The most startling thing about seeing an orbiter up close is that you can see how handmade it is. It’s not at all like a modern jetliner, with its polished, painted surfaces, flush rivets, and machined perfection. Its surfaces are rough and its lines are ungainly. It has been discolored, in this case, by the effects of 126 million miles of space travel. With fasteners, stitching, and glue exposed everywhere, you can see how it was assembled. It looks like it could have been built in your backyard. Portions of the fuselage unprotected by tiles are covered with white fabric quilts. There is a fuzzy fabric gasket to seal the open cargo bay doors. You can even see the overspray from when “Atlantis” was painted on the side of the cockpit, as if someone casually did the task with a stencil and a can of Krylon.

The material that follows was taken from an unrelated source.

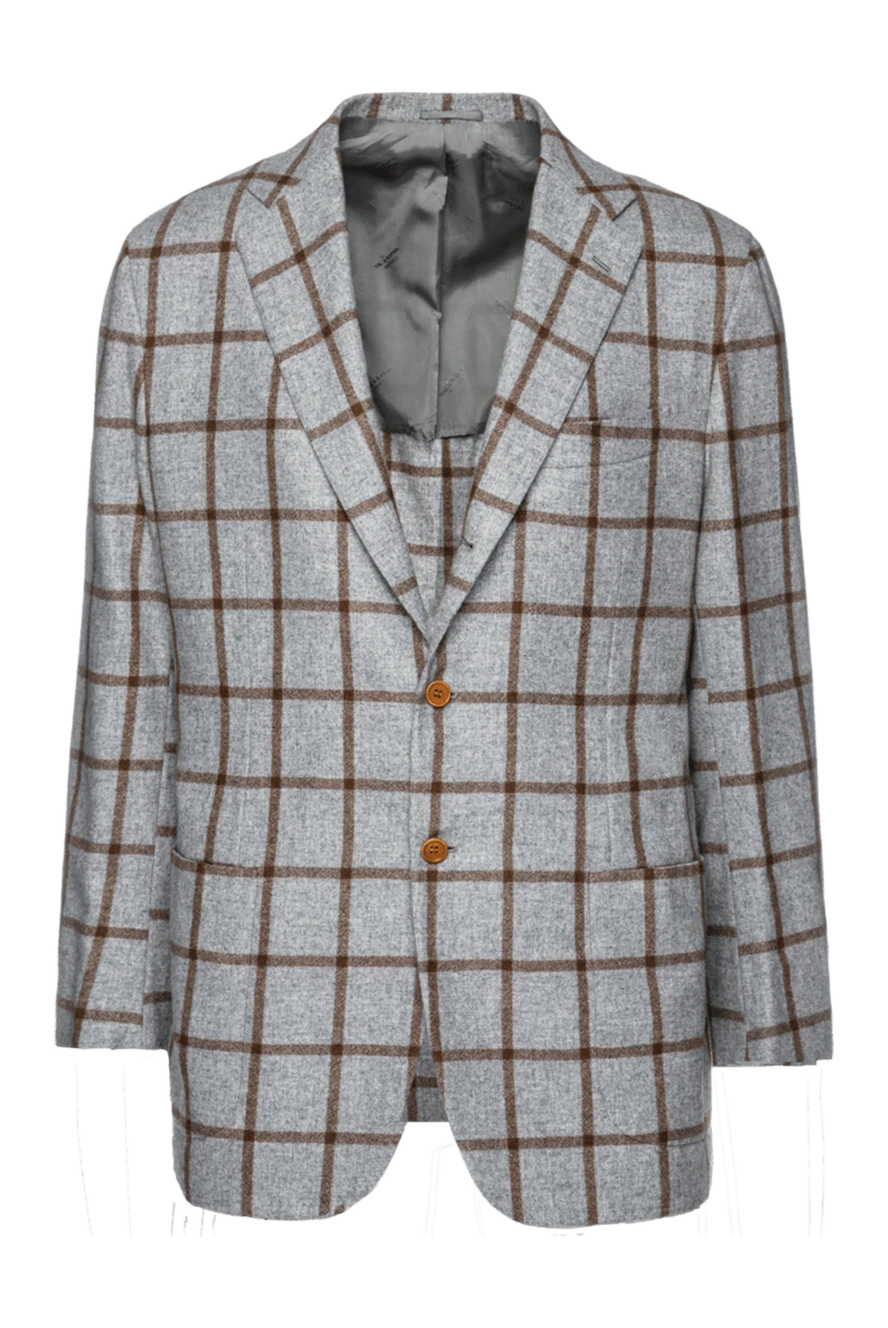 Kiton cashmere and silk jacket gray for men 154252 - photo 1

It’s still strange to see the Space Shuttle, an icon of scientific progress from my school days, in full retirement. At my last visit to the space center in 2011 (for the penultimate shuttle launch) the program’s end was lingering ominously over the complex–but now it’s here. Most visitors consume the optimistic NASA PR–that is is only the beginning of a new chapter. The truth is a little more harsh. The future is in the hands of private companies, but the romance is gone.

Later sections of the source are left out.